Thanks for the location information. I think that in either location you will be doing more shoveling than plowing. The problem for plowing with deep snow on either side of the track is that the plow has no where to put the snow it is trying to move off the track. If you look at Matt's pictures the cuts are so deep that even my rotary would have a hard time lifting the snow up and over the edge.

Could you get us some pictures of your grandfathers diesels? 

Chuck


----------



## zoro (Feb 8, 2010)

Chuck-
I don't have any actual images of them but they look just like these:

http://www.hobbymasters.com/images/...ctId=11499

I guess they are F3's and not F7's, my mistake. 

Where do you guys go for track? I'm already planning the layout for my new place and I can't seem to find long lenths of straight track for under about $6.50 per foot. I would love a long straight away but at the same time I don't want to break the bank.


----------



## aceinspp (Jan 2, 2008)

That photo look's like F3 units made by USAT. Later RJD


----------



## chuck n (Jan 2, 2008)

Zoro:

If your grandfathers engine is made by USA Trains, both the F3A and F3B come powered and the bellows between the engines are a rubber material. On the LGB Fs the bellows are hard plastic. 


Chuck N


----------



## zoro (Feb 8, 2010)

Bellows are rubber so I'm guessing USA Trains.
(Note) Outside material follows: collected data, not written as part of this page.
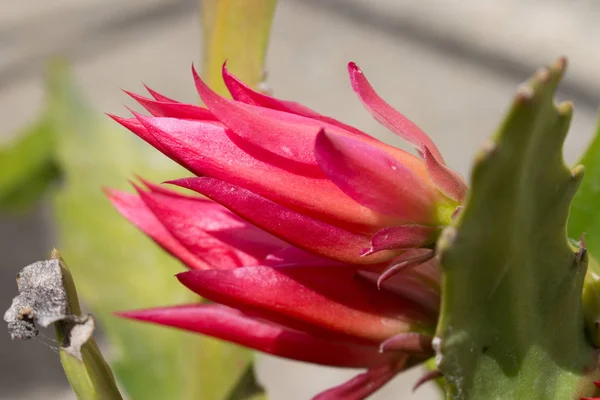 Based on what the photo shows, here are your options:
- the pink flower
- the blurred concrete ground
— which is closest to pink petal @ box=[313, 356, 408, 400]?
the pink flower

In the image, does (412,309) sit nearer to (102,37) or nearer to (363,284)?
(363,284)

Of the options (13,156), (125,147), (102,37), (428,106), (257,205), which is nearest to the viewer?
(257,205)

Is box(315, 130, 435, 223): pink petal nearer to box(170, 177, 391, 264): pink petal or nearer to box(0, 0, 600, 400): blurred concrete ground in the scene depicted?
box(170, 177, 391, 264): pink petal

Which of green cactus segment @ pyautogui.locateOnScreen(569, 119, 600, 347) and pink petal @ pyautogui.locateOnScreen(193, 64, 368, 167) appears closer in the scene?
pink petal @ pyautogui.locateOnScreen(193, 64, 368, 167)

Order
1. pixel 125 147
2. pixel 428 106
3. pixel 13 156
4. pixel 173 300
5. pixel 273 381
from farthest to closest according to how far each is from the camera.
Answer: pixel 428 106 → pixel 273 381 → pixel 13 156 → pixel 125 147 → pixel 173 300

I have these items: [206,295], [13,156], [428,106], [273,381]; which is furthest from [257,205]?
[428,106]

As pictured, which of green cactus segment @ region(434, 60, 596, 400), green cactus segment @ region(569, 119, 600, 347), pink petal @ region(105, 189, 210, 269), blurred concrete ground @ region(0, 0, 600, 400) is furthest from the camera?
blurred concrete ground @ region(0, 0, 600, 400) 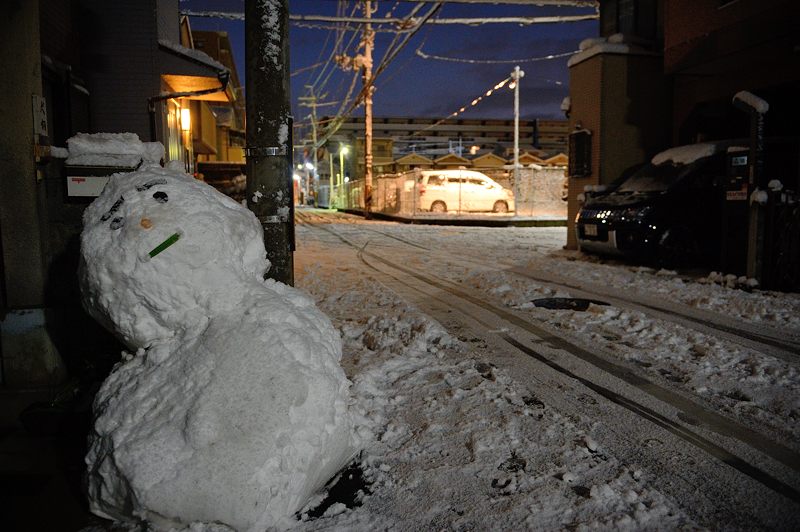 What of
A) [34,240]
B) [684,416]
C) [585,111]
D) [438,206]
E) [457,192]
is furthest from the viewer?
[438,206]

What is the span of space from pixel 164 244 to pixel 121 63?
9.35m

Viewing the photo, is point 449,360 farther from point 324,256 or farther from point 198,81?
point 198,81

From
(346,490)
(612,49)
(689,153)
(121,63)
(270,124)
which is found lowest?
(346,490)

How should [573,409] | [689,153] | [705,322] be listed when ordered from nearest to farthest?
[573,409] → [705,322] → [689,153]

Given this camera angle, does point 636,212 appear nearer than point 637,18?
Yes

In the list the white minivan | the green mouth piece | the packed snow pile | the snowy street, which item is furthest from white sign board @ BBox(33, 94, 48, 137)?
the white minivan

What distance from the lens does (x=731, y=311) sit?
6043 mm

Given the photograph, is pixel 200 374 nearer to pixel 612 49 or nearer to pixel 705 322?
pixel 705 322

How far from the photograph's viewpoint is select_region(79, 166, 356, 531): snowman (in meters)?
2.28

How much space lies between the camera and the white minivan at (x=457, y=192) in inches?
1016

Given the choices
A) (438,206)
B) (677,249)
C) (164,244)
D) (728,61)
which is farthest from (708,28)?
(438,206)

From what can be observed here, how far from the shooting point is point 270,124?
12.0 feet

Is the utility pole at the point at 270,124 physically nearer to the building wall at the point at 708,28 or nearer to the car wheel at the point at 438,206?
the building wall at the point at 708,28

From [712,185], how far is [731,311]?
3.77 meters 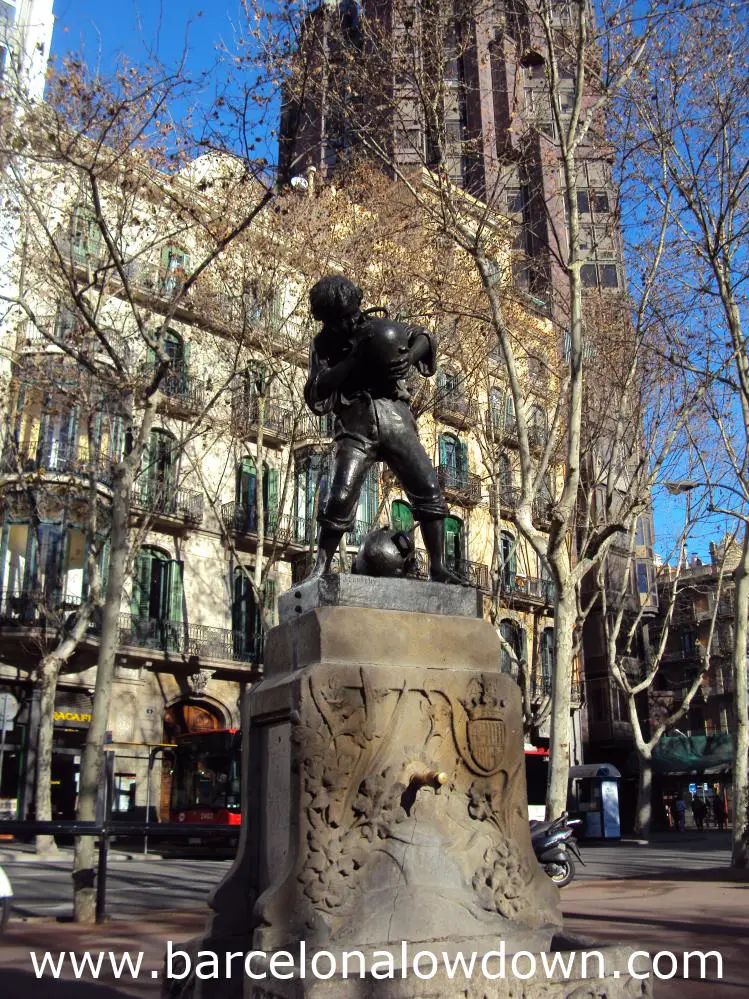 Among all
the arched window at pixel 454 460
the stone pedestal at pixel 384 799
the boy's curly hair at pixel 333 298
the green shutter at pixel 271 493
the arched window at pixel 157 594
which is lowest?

I was just thinking about ice on the track. Do the LGB style track sliders help to clear it away or are they just for power pickup purposes only?


----------



## chuck n (Jan 2, 2008)

Zoro:

From my experience, the LGB sliders will ride up over any ice, they are not effective at removing the thin film of ice on the rail.

Chuck


----------



## Trainwreckfilms (Aug 19, 2009)

SD70MAC = heavy


----------



## zoro (Feb 8, 2010)

Chuck- 
Gotcha. 

Trainwreckfilms- 
WOW! Are you running battery or track power?


----------



## sang_route (Sep 24, 2008)

Has anyone tried a heating element or even a squeegee slung under the car? Or one could build this












Not all that hard, an angled tip off a shopvac, the guts out of a sacrificial hairdryer, chain or gear drive and all the weight available...


----------



## Greg Elmassian (Jan 3, 2008)

Helluva nice shot Colin! 

Greg


----------



## Trainwreckfilms (Aug 19, 2009)

Sorry to get everyone all crazy on that photo its from gold coast stations website. I currently have that locomotive. Its about to be converted over to battery power with the Train Engineer Revolution. Its Heavy and will do the work of 2 USA Trains Geeps.


----------



## aceinspp (Jan 2, 2008)

The problem I see with building a snow blower as shown, would tend to blow my ballast away. Not good. Later RJD


----------



## wchasr (Jan 2, 2008)

Then take one of the small Butane powered torches and add a "fanning" tip to it, build a larger butane tank for it and away you go right? 

Chas


----------



## San Juan (Jan 3, 2008)

Posted By sang_route on 10 Feb 2010 08:42 PM 
Has anyone tried a heating element.....the guts out of a sacrificial hairdryer 



One year the ice layer was so thick I could not dig down to the tracks. I tried using a hair dryer to melt my way to the tracks. But this did not work at all. It took forever to get any progress and in my opinion was a complete waste of time.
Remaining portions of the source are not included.